May 3, 2013 by Jason Rice MD
I don’t know about you, but the boneless/skinless chicken breast for me is a pretty miserable ingredient that nonetheless finds its way into my kitchen with alarming frequency. There’s no question that they make a lean, healthy protein choice, but they have been bred to the point of being nearly flavorless, not to mention their propensity towards dryness with most cooking methods. All complaints aside, they are convenient and can take an infinite array of seasoning choices. Convenience aside, a 3-pack of boneless/skinless breasts has recently exceeded $10 for moderate sized breasts. For me, this was the final straw. It was one thing to have a boring chicken breast that was cheap and convenient, but these breasts are now one of the most expensive meat products on the grocery store shelves.
Enter the split breast pack.
Ribs in, skin on, split sternum still attached.
All for less than half the price of the boneless/skinless breasts.
I first started using these in place of boneless/skinless breasts just for the financial savings. It isn’t that much work to remove the bones and the skins, and I saved a lot of money. But, more importantly, I started cooking them with the skin intact, and the flavor is amazing. All the delicious “chicken-y-ness” renders out of the skin while it roasts and bastes the chicken in its own juices. I still pull the skin off before I eat it to keep things a little healthier, but the flavor of these breasts can’t be beat, and I haven’t bought a pack of those sad little pink boneless/skinless blobs ever since.
This is my simple preparation for chicken breasts. I make this about once a week, especially in the colder months. Any seasoning you like will work well, but I went with a very classic herb blend for a nice comfort food feel. So, let’s get started.
- 2 chicken breasts, boned and trimmed, skin left intact
- Olive Oil
- Poultry Seasoning or other herb blend (I chose a Bavarian blend)
- Salt & Pepper to taste
Preheat oven to 400 degrees. Remove the bones and large pieces of fat from the chicken breasts. Carefully slide your finger under the skin and peel it back, leaving it attached to at least one edge of the breast. Season liberally with salt, pepper and herb blend.
Add a few thin pads of butter to the chicken and cover with the skin. Grind a little more black pepper over the skin. The butter will melt as the chicken cooks, mixing with the chicken fat that renders out of the skin, giving the chicken a rich, delicious flavor.
Heat olive oil and butter in a heavy, oven-safe pan over medium high heat.
Place the chicken into the pan, skin side up, to sear the bottom of the breasts.
Cook for just a few minutes, and then place the pan into the oven. Bake for about 30 minutes based on the size of the chicken breasts. Unlike the boneless/skinless breasts, the skin will keep the chicken moist and juicy and give you a little bigger margin for error with overcooking.

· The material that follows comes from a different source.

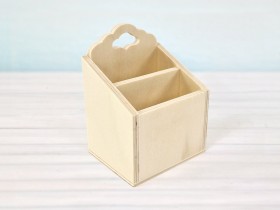 Escribanía de madera 11x9,5x15 Ref.AW24741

Remove the skins, and serve. I like to serve this with roasted potatoes and roasted vegetables. Not only are these nice complementary sides, but they can be made in the oven at the same time as the chicken, making prep much easier.

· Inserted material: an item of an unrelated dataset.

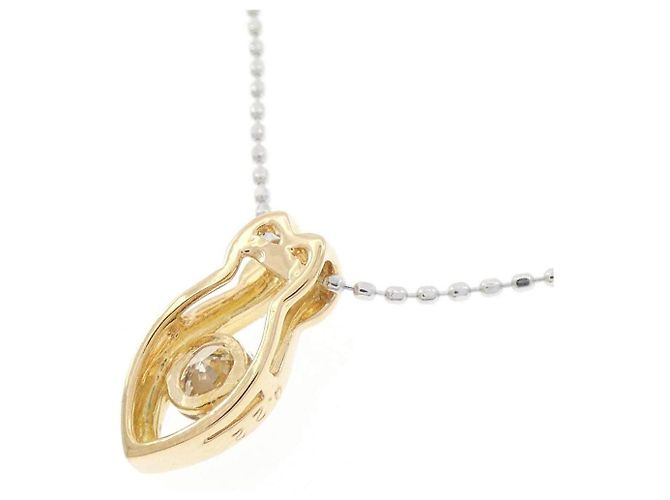 Autre Marque Au750 Diamantenhalskette Golden - Ansicht 4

The potatoes shown here are my Easy Roasted Potatoes, and the zucchini is from the Veggie Short Cuts post. The little guy got involved for the first time in the kitchen, helping to shake up the bag of potatoes…
…And they came out great!
As always, I hope this recipe helps you elevate a basic staple into something a little tastier that eaters of all ages will be excited about. Enjoy!